EXERCISE BRIEF> Exactly the lines from the one with "Pantalón culotte de" through the end of the records below are needed, minus any pictures.

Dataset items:

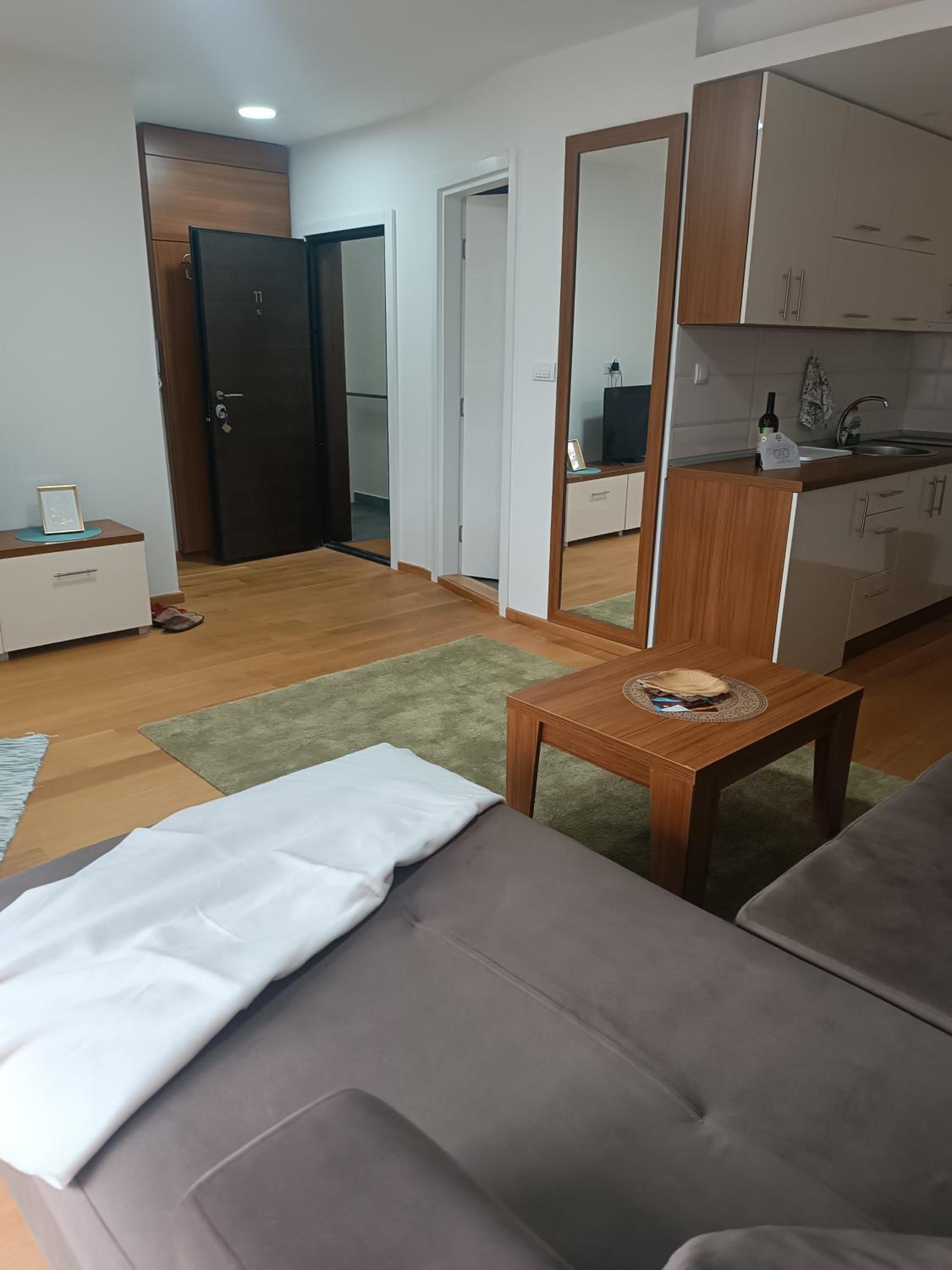 One-Bedroom Apartment photo 1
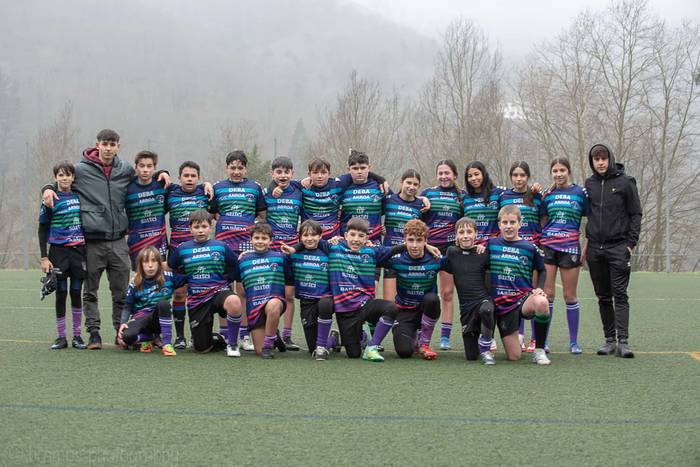 Zapatuan, Debarroa Rugby Taldeak Ezoziko zelaian jokatuko du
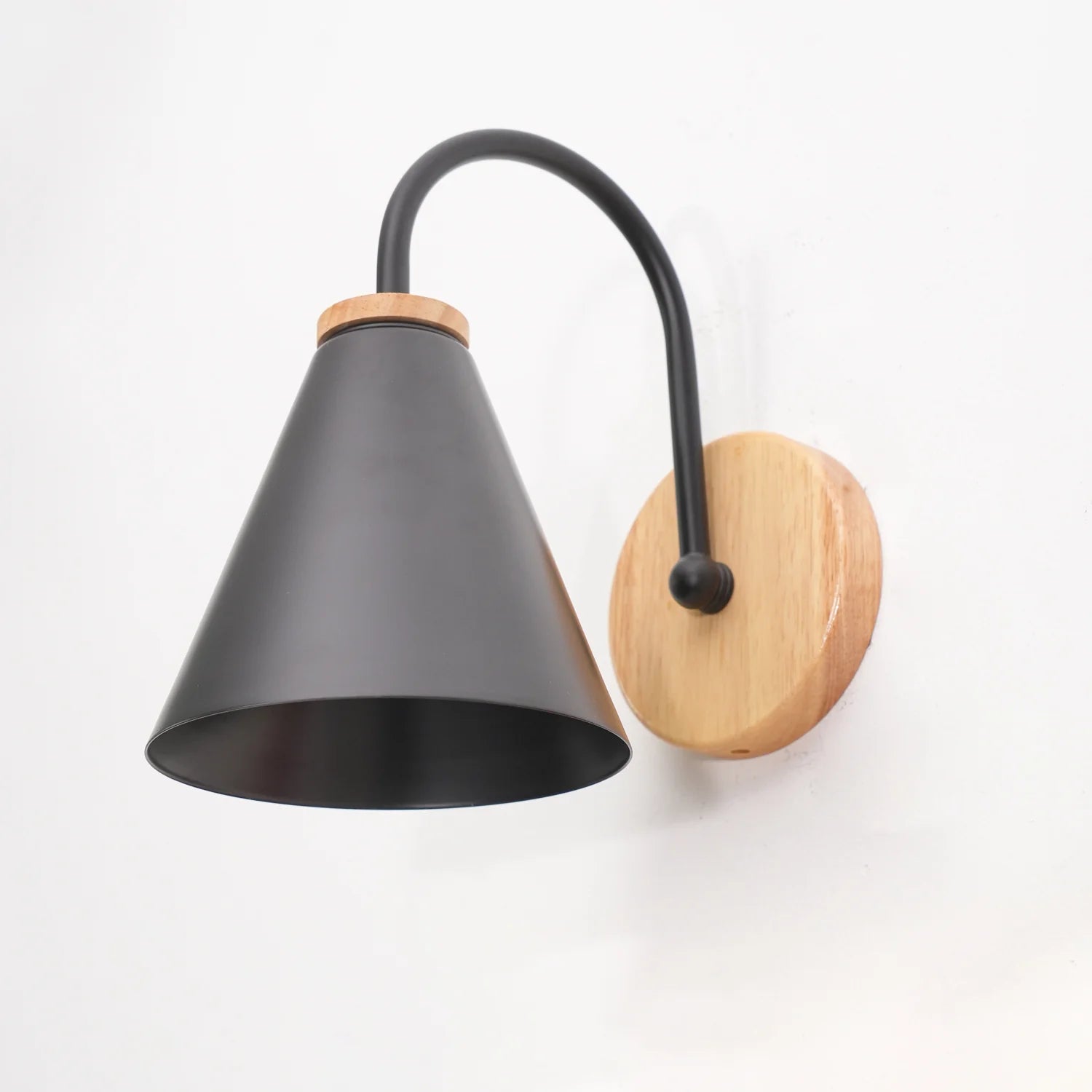 Wandlampe im skandinavischen Stil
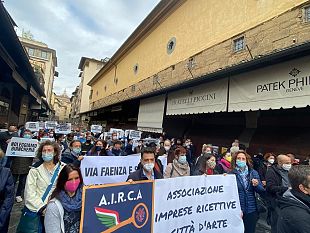 bar-e-ristoranti-lattesa-si-allunga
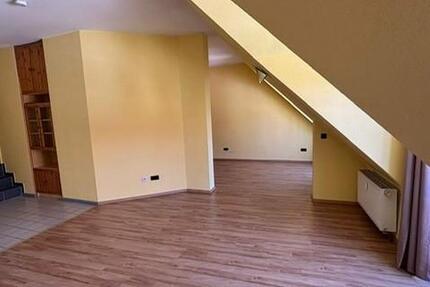 Grosszügige und sehr hell gestaltete Dachgeschoss-Wohnung in der Glockenstrasse (Musikerviertel) zimmer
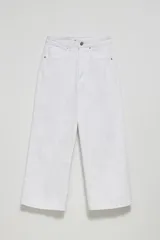 Pantalón culotte de jean color blanco, de tiro alto y corte ancho.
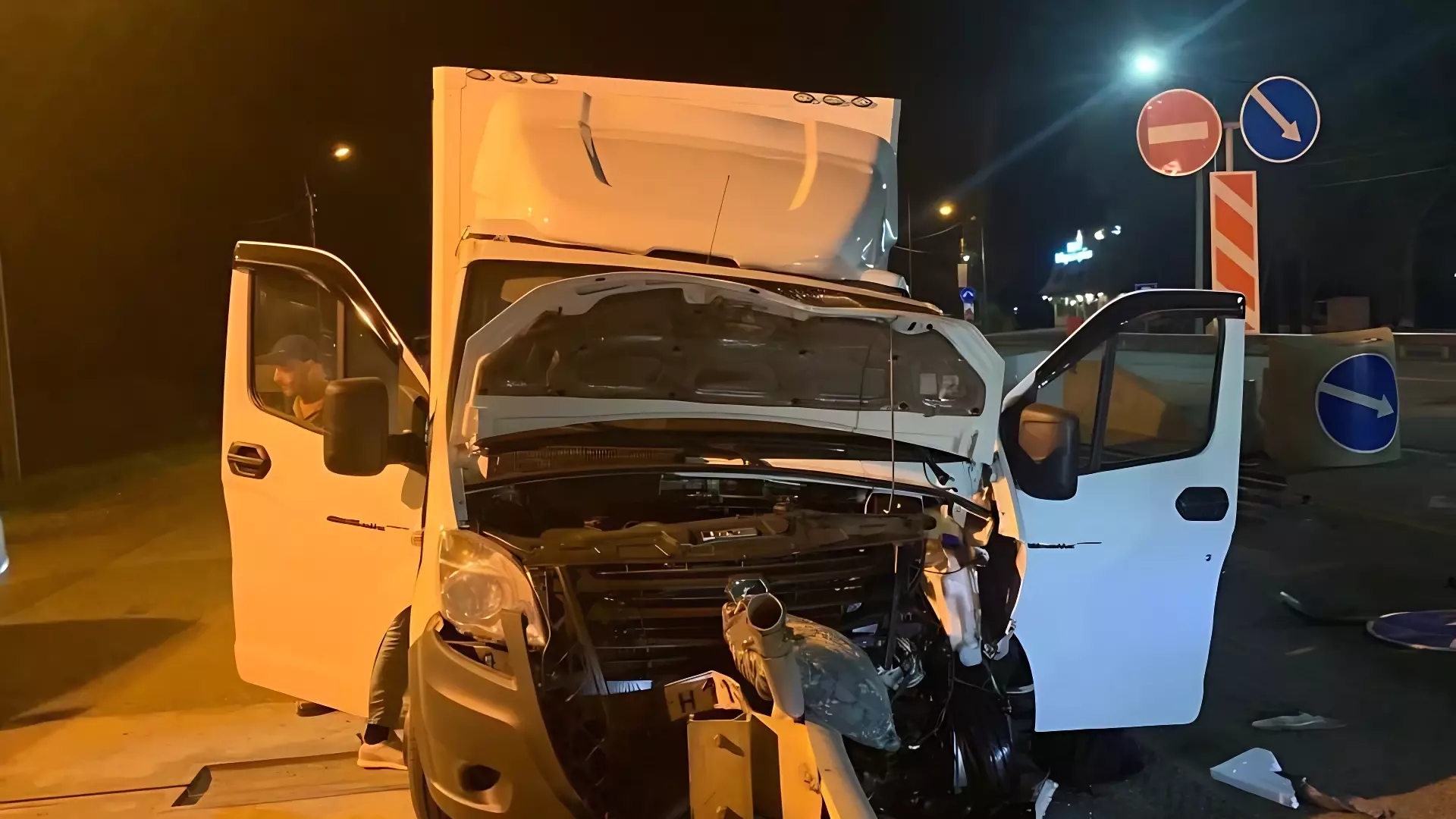 Водитель грузовика уснул за рулем и спровоцировал аварию на трассе Ставрополья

THE COMPLETED TASK>
 Pantalón culotte de jean color blanco, de tiro alto y corte ancho.
 Водитель грузовика уснул за рулем и спровоцировал аварию на трассе Ставрополья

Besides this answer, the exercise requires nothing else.